A baseball player in New York calls a press conference to declare his heterosexuality and the story fires up the sports world. A female pro basketball player in New York tells a magazine she's a lesbian and the public yawns.

The reactions to Mike Piazza and Sue Wicks confirm that there's a double standard when reporting on the sexuality of male and female athletes. The media--and by extension the public--seems much more fascinated with the identity of gay male athletes.

The reactions point out the stereotypes that both gay male and lesbian athletes still confront as they struggle for acceptance. Although a bit simplistic, the biases boil down to this: Many female jocks are presumed lesbian unless otherwise proven; male jocks are presumed straight unless there is a public declaration to the contrary.

Wicks, a player on the New York Liberty of the WNBA, came out publicly in an interview with Time Out New York. When asked if she was a lesbian, Wicks said: ``"I am. Usually I don't like to answer those kinds of questions, because you worry the issue might become so much bigger than the sport. As an athlete, it's a little annoying when that becomes the point of interest. But I would never avoid that question, especially in New York. I think it's important that if you are gay, you should not be afraid to say who you are."

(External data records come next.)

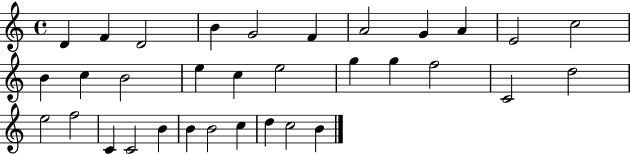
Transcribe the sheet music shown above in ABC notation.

X:1
T:Untitled
M:4/4
L:1/4
K:C
D F D2 B G2 F A2 G A E2 c2 B c B2 e c e2 g g f2 C2 d2 e2 f2 C C2 B B B2 c d c2 B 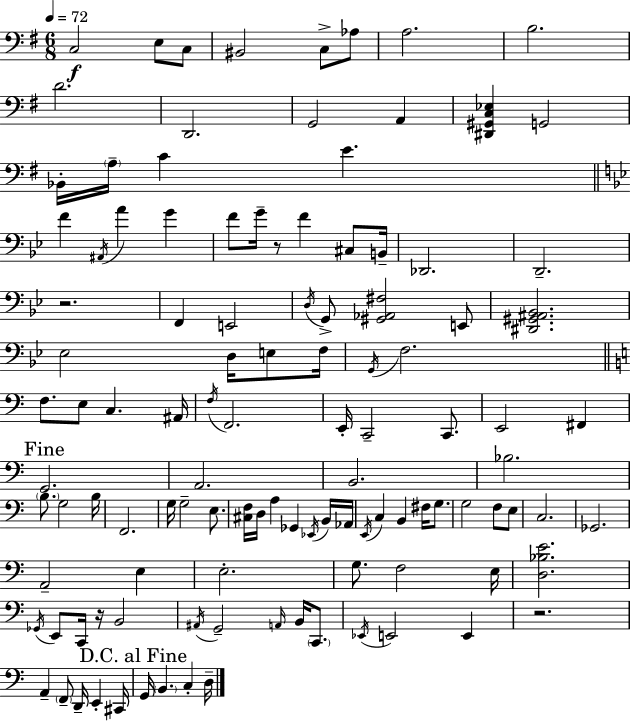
X:1
T:Untitled
M:6/8
L:1/4
K:G
C,2 E,/2 C,/2 ^B,,2 C,/2 _A,/2 A,2 B,2 D2 D,,2 G,,2 A,, [^D,,^G,,C,_E,] G,,2 _B,,/4 A,/4 C E F ^A,,/4 A G F/2 G/4 z/2 F ^C,/2 B,,/4 _D,,2 D,,2 z2 F,, E,,2 D,/4 G,,/2 [^G,,_A,,^F,]2 E,,/2 [^D,,^G,,^A,,_B,,]2 _E,2 D,/4 E,/2 F,/4 G,,/4 F,2 F,/2 E,/2 C, ^A,,/4 F,/4 F,,2 E,,/4 C,,2 C,,/2 E,,2 ^F,, G,,2 A,,2 B,,2 _B,2 B,/2 G,2 B,/4 F,,2 G,/4 G,2 E,/2 [^C,F,]/4 D,/4 A, _G,, _E,,/4 B,,/4 _A,,/4 E,,/4 C, B,, ^F,/4 G,/2 G,2 F,/2 E,/2 C,2 _G,,2 A,,2 E, E,2 G,/2 F,2 E,/4 [D,_B,E]2 _G,,/4 E,,/2 C,,/4 z/4 B,,2 ^A,,/4 G,,2 A,,/4 B,,/4 C,,/2 _E,,/4 E,,2 E,, z2 A,, F,,/2 D,,/4 E,, ^C,,/4 G,,/4 B,, C, D,/4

The reaction? There was none. In a database search on Dow Jones Interactive of 6,000 top publications I could find one reference to Wicks' statement, by Judy Van Handel (herself out) in a WNBA notes column in the Boston Globe.

Contrast this with the outpouring of interest in Piazza's statement that he wasn't gay. We at Outsports did at least 25 interviews with print and broadcast reporters, including seven appearances on various sports talk shows across the country. In addition, virtually every major media outlet weighed in on the subject, interviewing players, ex-players, management and fans.

Outsports can plead equally guilty. While we mentioned and applauded Wicks' coming out and have assigned a writer to profile her, we did relatively little compared to Piazza. Even our active reader Discussion Board has been virtually silent regarding Wicks.

Part of it was the intense media focus on Piazza, combined with discussions of press ethics for how it unfolded (in a New York Post gossip column). Part was also that Sue Wicks is not a household name and plays in a league that gets little exposure. But part is also that we also bought into the notion that an out lesbian pro athlete simply isn't as big a story as the possibility a male pro will one day come out.

For starters, there have been active lesbians playing pro sports. Martina Navratilova is the most famous, but the list also includes this year's Wimbledon semifinalist Amelie Mauresmo; Carol Blazejowski, a former player who is the general manager of Wicks' New York Liberty, is also out. In contrast, there is no out male athlete on any pro sports team or on the pro tennis or golf tours.

Reinforcing Stereotypes

Gay men and lesbians are each hurt by the stereotypes. While it is widely presumed that there are many lesbians in pro basketball, golf and tennis, the hierarchy of each is still publicly and relentlessly heterosexual.

Anna Kournikova, she of the zero tournament wins, is featured on the cover of Sports Illustrated for her suggestions of foreplay and not her forehand. She makes it OK for men to watch women's tennis. In contrast, the out Mauresmo is dogged by unproven claims of steroid use, which would imply she is somehow less than feminine for being muscular. It's a claim I haven't seen hurled at the equally muscular but presumably heterosexual Williams sisters.

At the collegiate level, straight female coaches tout their marriages and children to prospective recruits and their parents, sending the message that they are not ``one of them.'' Even the WNBA, whose crowds are heavily lesbian, has a spotty record of reaching out to its fan base. The Liberty's refusal to hold a gay night (something done with other franchises) prompted a group called Lesbians for Liberty to give up trying this year, according to the New York Blade. If a team with a lesbian general manager and openly lesbian player in very gay New York City is resistant, it shows how much progress still remains.

The situation means that lesbians, even if present in large numbers in sport, still have an incentive to hide or downplay their sexual orientation.

The need for Piazza to call a press conference to declare his heterosexuality (even though he was not named in the gossip item) aptly sums up the situation for gay men in sports. Even rumors are seen as career- and especially endorsement-threatening. The closet rules, and the mainstream can hold on to the last bastion of hypermasculine heterosexuality in society.

Until barriers in sports are broken down and people can be honest about who they are, expect these stereotypes to persist. And expect the double standard to apply.